Project 2: Lowess vs. Random Forest Regression

Based on visibly discernible trends in data, one may come to quick conclusions about approximate parametric (linear) models to represent a supposed relationship. Although this method may be an appropriate starting place in estimating a model, it is ultimately riddled with uncertainty and may poorly approximate more specific, localized trends. A more suitable option for such analysis is locally weighted regression, or “lowess”.

Math and theory

Lowess:
Lowess approximates non-parametric trends by fitting linear models to sequential subsets of data. Subdivisions are split on intervals within the data based on a computer determined, or user specified, number of points per interval. Let $X$ represent multidimensional input data (a UxP matrix thats transpose is $X^T$ ) and $y$ be the dependent variable.

Linear regression is used to determine the linear models fit on the subintervals of $X$ . Linear regression solutions can be seen as a linear combinations of the observed outputs (values of the dependent variable).
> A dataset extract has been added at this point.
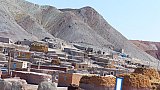 Kleines Dorf am Stra&szlig;enrand in Nordiran - Nord-Iran: Landschaft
To understand why this is so, we must further investigate the math behind the form of the linear models. Parametric models assume the form $y=X\beta+r\epsilon$ where $\epsilon$ is independently and identically distributed with mean 0 and standard deviation 1. To determine the $\beta$ parameters of the model, we write

$y=X\beta+\sigma\epsilon$
$X^Ty=X^TX\beta+\sigma{X^T\epsilon}$

We solve for $\beta$ by assuming $X$ is not rank deficient (assume $X^TX$ is invertible, same as OLS assumption). So,
$\beta=(X^TX)^{-1}(X^Ty)-\sigma(X^TX)^{-1}X^T\epsilon$ .
We take the expected vlaue of this equation and obtain (where $\bar{\beta}$ is $E(\beta)$ ) since $E(\epsilon)=0$
$\bar{\beta}=(X^TX)^{-1}(X^Ty)$
Therefore, the predictions are of the form
$\bar{\beta}=\hat{y}=X\cdot\beta=X\cdot(X^TX)^{-1}(X^Ty)$
Now, we can see that predictions $\hat{y}$ are linear combinations of $y$ (ie, they are a matrix multiplied by $y$ ).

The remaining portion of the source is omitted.